The auto-awq model loading error is caused by your LLM inference software not having access to the AutoAWQ software package while trying to load up an AWQ quantized model. As AutoAWQ has been officially deprecated as of may 2025 with its functionality largely adopted by the vLLM project, aside from fixing this error by manually installing the AutoAWQ library you might consider switching to other model types, such as GGUF.
Quick Solution: Install the Missing AutoAWQ Library
The simplest fix for the error message ImportError: Loading an AWQ quantized model requires auto-awq library (pip install autoawq)
, is simply installing the missing AutoAWQ software package. This Python library is needed to load models quantized in the AWQ format, which the software you’re using is attempting to do.
To quickly fix this error, open your terminal or command prompt in the environment in which you’re attempting to load the model and run the following pip command:
pip install autoawq
Keep in mind that as the AutoAWQ library is deprecated, in some contexts you might face compatibility issues with other packages such as torch. Make sure that the software you’re using can work with the latest available version of AutoAWQ.
Why This Error Happens
This import error occurs because the model you’re trying to load is in AWQ format (Activation-aware Weight Quantization) – which is a 4-bit model compression method. AWQ models require the AutoAWQ loader library to work.
If this library isn’t present, the Transformers backend component of the software you’re using raises the mentioned error telling you to install it.
This can happen in many LLM setups – for instance when directly interfacing with the transformers library, or when using text generation WebUI software like OobaBooga when you attempt to load an AWQ model without having first added the AutoAWQ dependency manually.
AWQ Support in Oobabooga WebUI (Deprecated)
If you’re using the Oobabooga Text Generation WebUI, note that AWQ model support has been deprecated in newer versions of the application in the response to sunsetting the mainline AutoAWQ project in may 2025.
As of release 1.15 of the “text-generation-webui”, the developers have removed the built-in AutoAWQ support due to incompatibilities with newer versions of PyTorch and the CUDA framework. This is why the WebUI no longer lists an “AutoAWQ” loader option, and why selecting an AWQ model will trigger an import error.
While you can still manually install the AutoAWQ library if you really want to use AWQ models, this is an unofficial workaround, and you will most likely get errors related to other software packages not being compatible with the newest version of the discontinued AutoAWQ library, as you can see here.
That’s why the most feasible solution for OobaBooga users is to switch to other supported model formats.
Better Solution: Switch to Supported Model Formats (GGUF, GGML, GPTQ, ExLlama)
While the AWQ quantization algorithm and model format aren’t deprecated themselves, the deprecation of the standalone AutoAWQ loader.
While you can still use AWQ models without any trouble in software that support compatible loaders such as vLLM, MLX-LM and so on, if you don’t (and for instance you want to stay with OobaBooga Text Generation WebUI or KoboldCPP), it might be best to switch to more modern model formats.

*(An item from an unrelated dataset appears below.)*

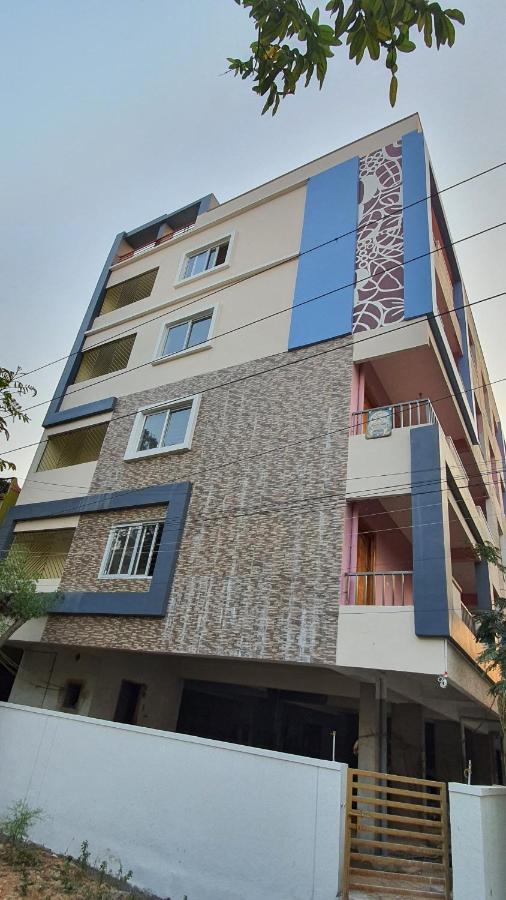 Tirupati Homestay: 2BHK Family Apartments with AC near Alipiri Exterior photo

Most modern LLM tools and UIs now favor formats like GGUF (and the older GGML), GPTQ, or ExLlama v2 (EXL2) over AWQ. For example, if you are running models with CPU-focused backends like llama.cpp or Kobold, the recommended format is GGUF (the unified successor to GGML) for quantized models.

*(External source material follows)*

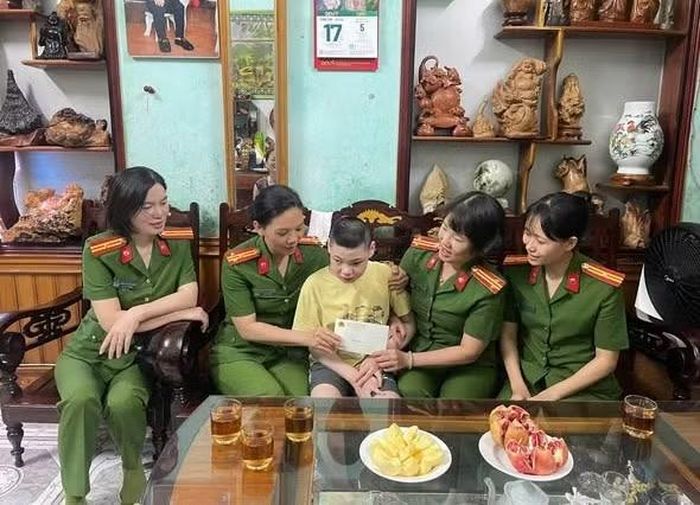 Hội Phụ nữ Phòng Cảnh sát Hình sự, Công an tỉnh Quảng Trị tổ chức thăm hỏi thân nhân cán bộ, chiến sĩ có hoàn cảnh khó khăn.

Most new popular models are available as GGUF (mainly for CPU inference) and GPTQ files (for GPU inference), which will both load directly in llama.cpp, OobaBooga WebUI or KoboldCpp without needing to install any extra software libraries.
So, if you’re able to successfully install the AutoAWQ package without any compatibility issues, it should resolve the immediate error and let you use an AWQ model. However, since the AutoAWQ loader is no longer officially supported in the latest tools, it might be wise to consider switching to a more widely supported quantization format like GGUF or GPTQ. That’s pretty much it!